Right, back to the SIPP. You get to invest your 120% of contributions in all sorts of interesting ways and get to keep all the income and capital gains within your SIPP. (At this point you are streets ahead of an ISA, which will never catch up using the same investments). All this is done to encourage you to make sensible provision for your retirement, which if you are lucky to have stellar returns can start at 55.
The Quid Pro Quo is that if you make even better returns then they would like some of the tax payer funding returned, they still leave you with the ability to earn around £50,000 a year (if you simply go into drawdown and don't take all your 25% tax free element straight away).

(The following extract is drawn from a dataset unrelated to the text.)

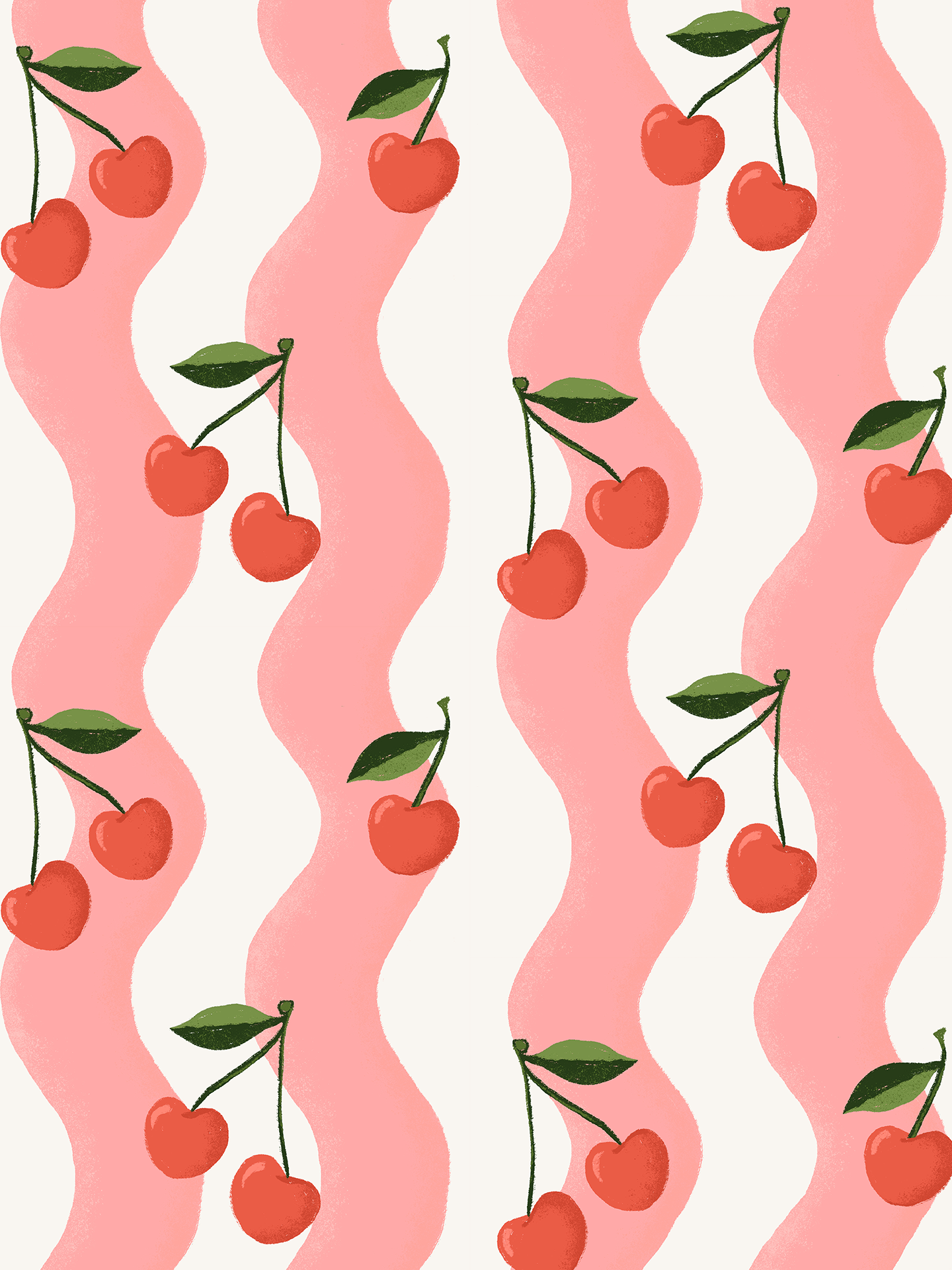 1440x1920 Wavy Cherry Wallpaper, white and pink Traditional / 2 ft (h) x 19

Not only that you don't pay any tax from the Lifetime Allowance until you have drawn in total over this allowance. So at £50,000 and with the current allowance at £1,000,000 plus, you 20 years or so without having to pay. Not only that (if you haven't taken your full 25% tax free element) only 75% of your £50,000 is part of your taxable income. Not only that your undrawn funds within your SIPP remain fully invested - free of tax a capital gains.
When you reach 75, the Gov basically say, OK mate. Stop taking the whatsit, now. We will have back 25% of anything over you still have over your accumulated Lifetime allowance. Jut this once mind, and we will leave your SIPP alone for the rest of your days. Whatever is left is still yours.
That's just 25%. At age 75. After you have invested for how many years at 12% of your contributions! If you can find a share that gives that type of return, do let me know - I'll have loads in my SIPP.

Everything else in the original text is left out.